At the same time, the system will use those Black people who do make it to confuse people about the real reason Black people are in the conditions they’re in. They’ll pump out their lies that: “These people made it. So if you don’t make it, don’t blame us or the system. It’s your own damn fault.”

Constantly hammering away at people that the problems Black people are mired in are their own fault is very harmful. It’s harmful because the rulers’ line that Black people who don’t make it now have no more excuses and only themselves to blame for their miserable conditions blinds them and others to the real source of their problems and what needs to be done to deal with them. People who buy into this line can end up blaming the people and blaming themselves for the things the system is doing to them. And this line gives the authorities a freer hand to continue to intensify the repression they bring down on Black people. Once you buy their blame-the-people logic it’s easy to sell you on the need to unleash repression on people the system has criminalized; to buy into the lie that youth gunned down by the cops or being swept into the prisons in ever escalating numbers are bringing this on themselves because of the shit they’re involved in.

The logic of promoting Obama’s candidacy because it’ll inspire more Black youth to succeed carries with it an underlying and wrong view of what is the problem and what is the solution. Black people who buy into this are on the way to giving up on fighting the system that’s responsible for their oppression. Whites and people of other nationalities who buy into this can end up seeing no need to join the struggle against this oppression. And it hands the U.S. ruling class further justification for the vicious repression it is unleashing on the masses.

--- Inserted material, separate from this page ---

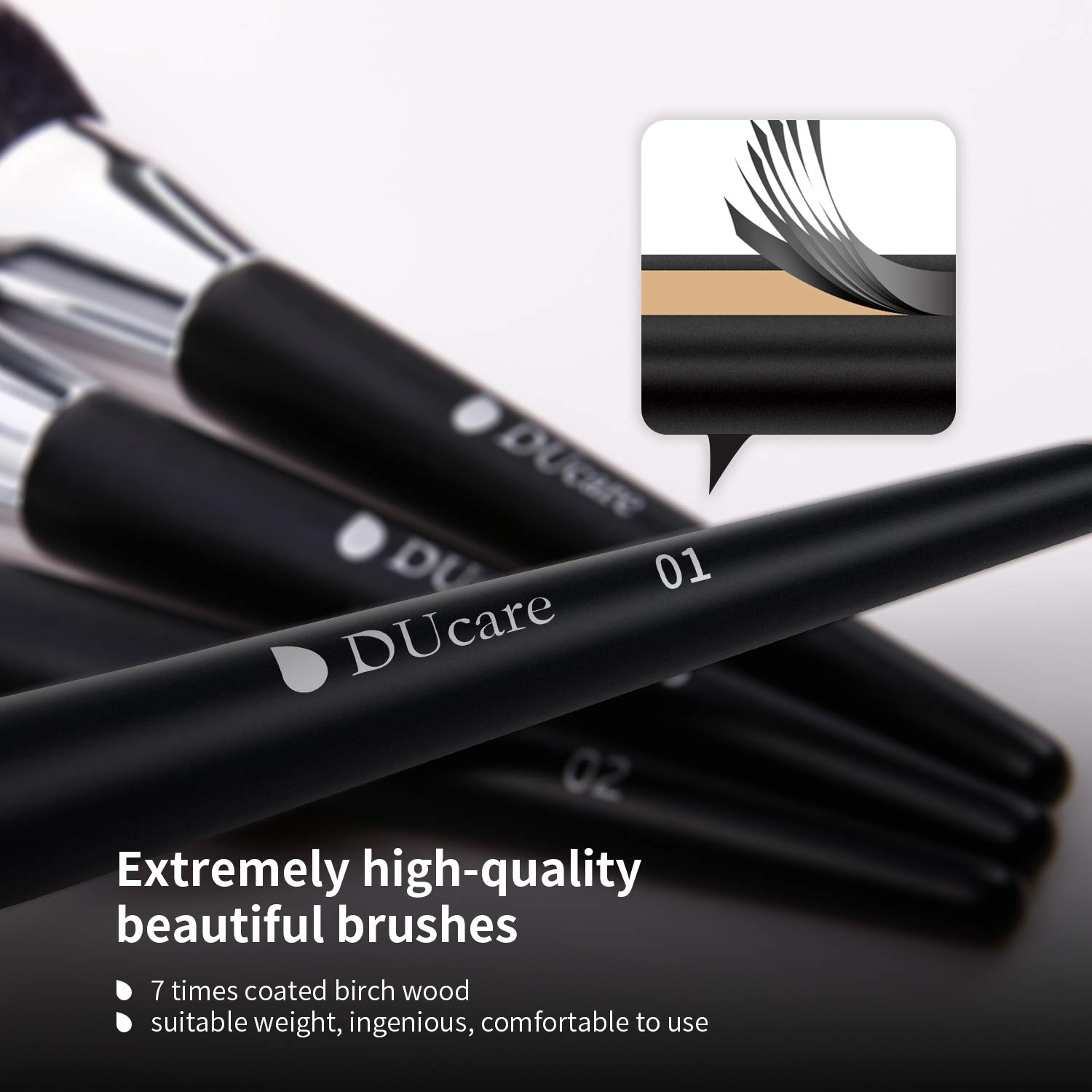 DUcare Makeup Brushes Professional 32Pcs Make up Brushes Set Premium Christmas Gift Synthetic Kabuki Foundation Blending Brush Face Powder Blush Concealers Eye Shadows - Image 5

The real way to deal with the oppression of Black people is first to lay the blame for it squarely at the feet of the capitalist system—and to rally people to build resistance to that oppression. We need to: Fight the Power, and Transform the People, for Revolution. This points people in the direction of ending the oppression of Black people, and everything else foul this system brings down on people all over the world. Promoting Obama’s campaign can only lead people back into the killing embrace of this rotten system.